In Olanda vanno di moda le minestre riscaldate. Dopo Louis van Gaal, ecco Guus Hiddink, che apre stasera contro l'Italia il suo secondo mandato da ct. Infortunati a parte (Robben, Huntelaar), sono poche le novità rispetto alla selezione arrivata terza due mesi fa al Mondiale brasiliano. Meno istrionico e protagonista del suo predecessore, Hiddink deve anche cercare di sfatare il conto in sospeso che l'Olanda ha con l'Italia: le due nazionali si sono già affrontate 18 volte, con sette vittorie per gli azzurri, tre per gli olandesi e otto pareggi; gli azzurri inoltre non hanno mai perso giocando «in casa», ottenendo cinque vittorie su otto partite. Bilancio in parità nel suo personale tabellino contro gli azzurri: alla beffa sudcoreana del 2002 l'Italia ha risposto con il tuffo di Grosso nel 2006, e ciao ciao Australia. Acqua passata.

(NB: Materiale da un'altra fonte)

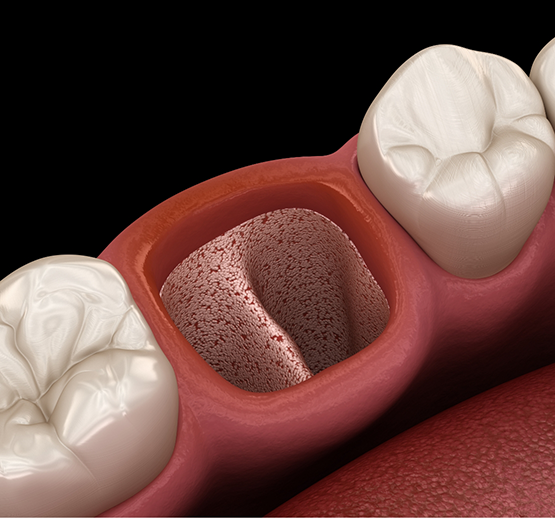 Illustration of empty socket after tooth extraction in Midlothian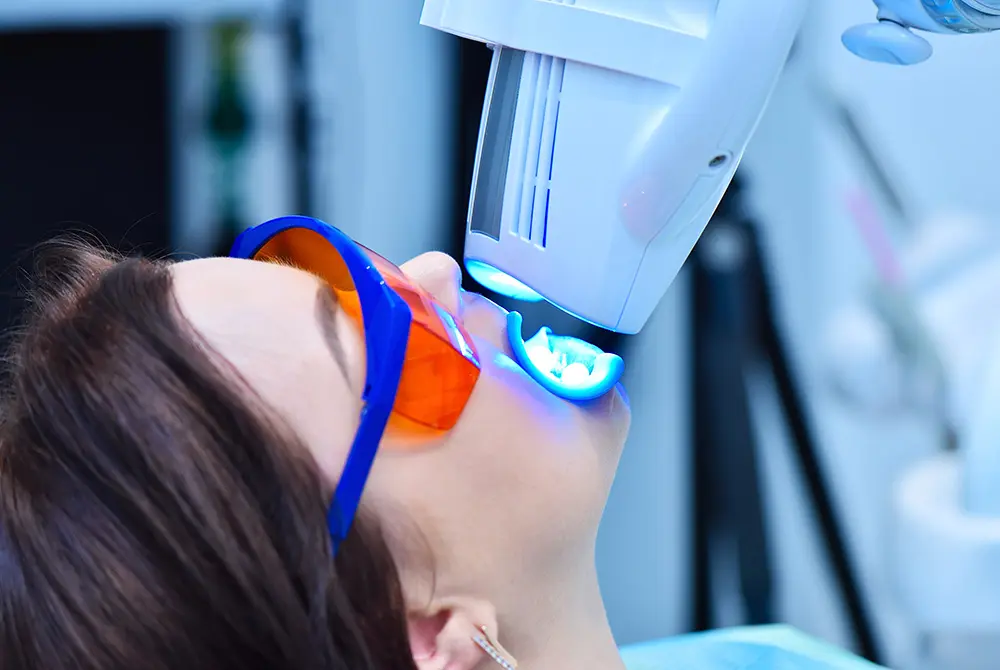 審美歯科では、ホワイトニングが注目される。画像はイメージ。（写真：Adobe Stock）
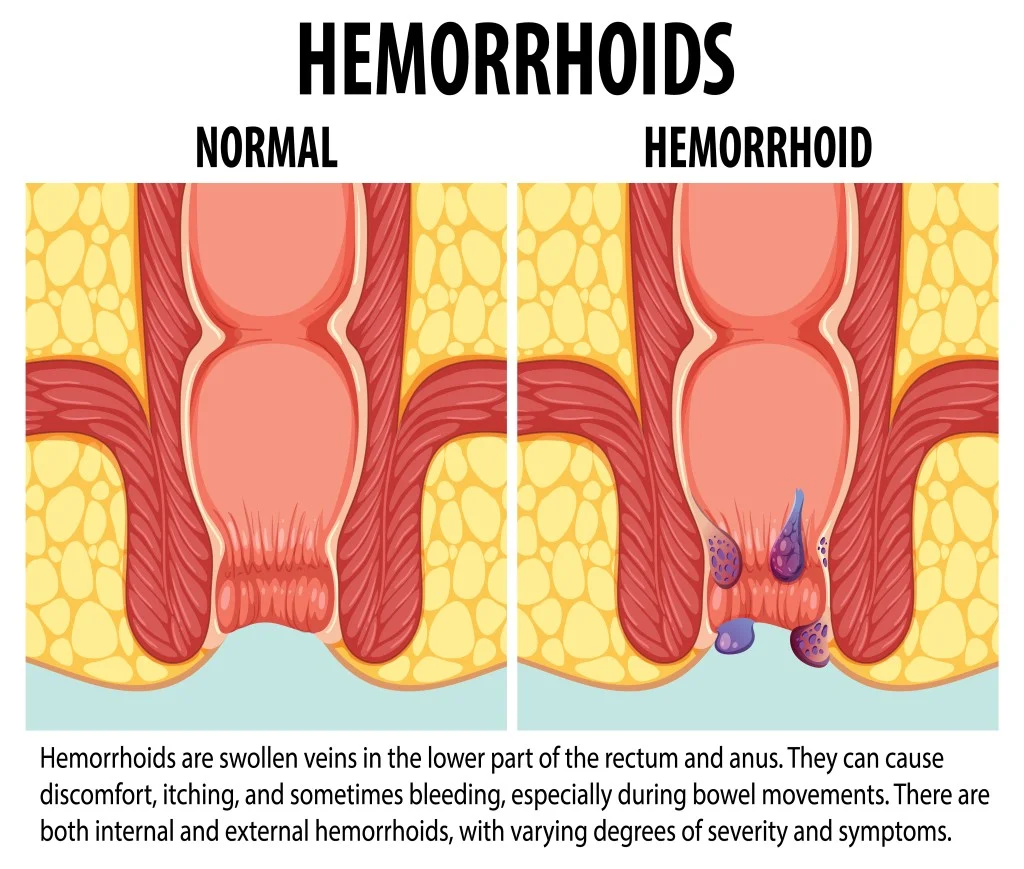 relieves hemorrhoids-  Healthi Vibes (image by Freepik)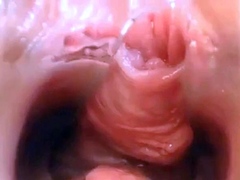 Webcam Pussy Play with Speculum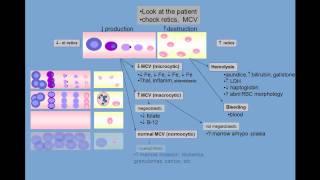 Anemia differential diagnosis [upl. by Radu]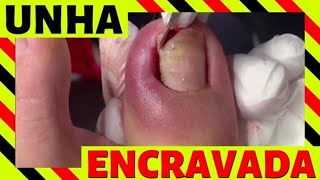 UNHA ENCRAVADA UNHA INFLAMADA VÍDEO SATISFATÓRIO [upl. by Rafat]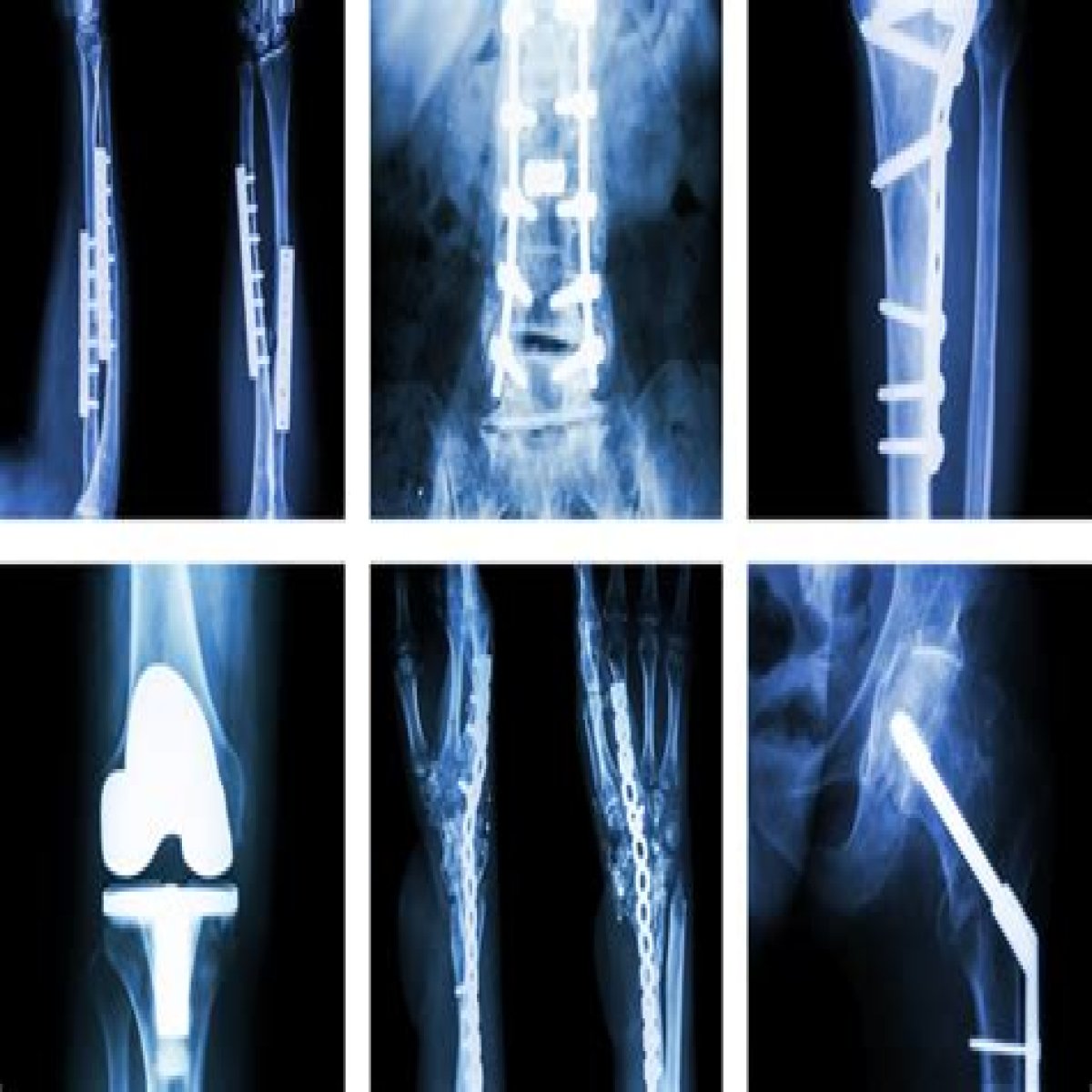 Do Orthopedic Surgeons Have Their Own Ray Machines?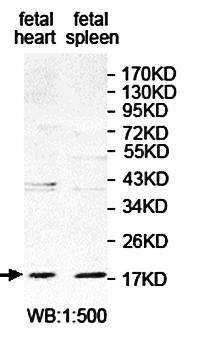 ANKRD39 antibody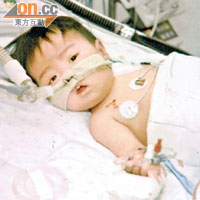 嬰兒時的藍健朗曾進行肝臟移植。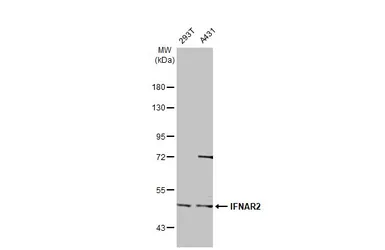 Anti-IFNAR2 antibody used in Western Blot (WB). GTX105770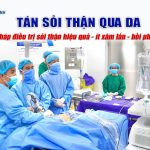 ĐIỀU TRỊ SỎI THẬN TÁI PHÁT BẰNG PHƯƠNG PHÁP TÁN SỎI QUA DA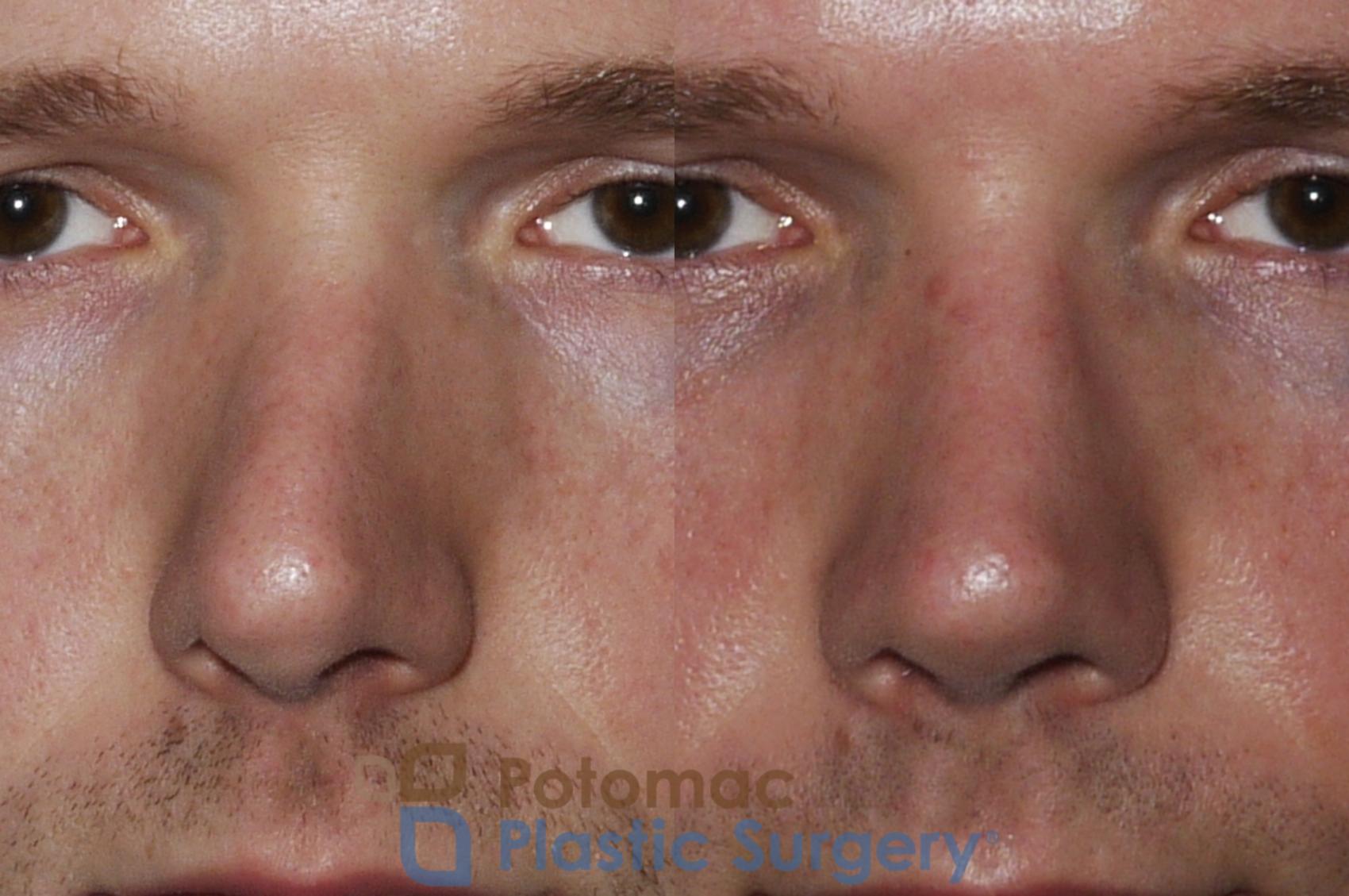 Before & After Rhinoplasty - Medical Case 172 Front View in Washington, DC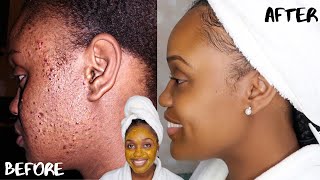 HOW TO GET RID OF ACNE SCARS AND DARK MARKS FAST | DIY TURMERIC, HONEY, LEMON, AND ALOE FACE MASK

Oggi, si diceva, siamo alla minestra riscaldata. Ma la differenza continuano a farlo gli ingredienti, e Hiddink dispone di una vasta scelta. Freschi e, in alcuni casi, di prima qualità. Come Memphis Depay, la stellina già brillata in Brasile (2 reti, più giovane marcatore di sempre dell'Olanda in un Mondiale) e che ha passato l'estate a valutare offerte provenienti da ogni dove (Juventus inclusa), salvo poi prolungare con il Psv Eindhoven. Depay è un classe '94, come Domenico Berardi, uno dei talenti più promettenti del nostro calcio. Giocano nello stesso ruolo, attaccante esterno sinistro, e pur non essendo assimilabili come tipologia di calciatore, simboleggiano il gap che divide l'Italia da altri paesi europei. A 20 anni Depay ha già alle spalle una stagione e mezza da titolare, una dozzina di partite in Europa League e un Mondiale; Berardi invece è sempre al Sassuolo, e la nazionale la vede in televisione. Non è difficile ipotizzare quale dei due sarà più pronto un domani quando arriverà l'offerta del grande club di turno.

Tornando a Hiddink, per sedersi nuovamente sulla panchina degli oranje ha accettato di ridursi il compenso del 90%, passando dalla mostruosa cifra di 12 milioni annui percepiti

nell'Anzhi dell'oligarca Suleyman Kerimov (ex sodale di Putin oggi in disgrazia), agli 1.2 attuali. Cinque volte meno di quanto percepisce Antonio Conte (6.4), secondo ct più pagato del mondo dopo Fabio Capello (Russia, 8.45).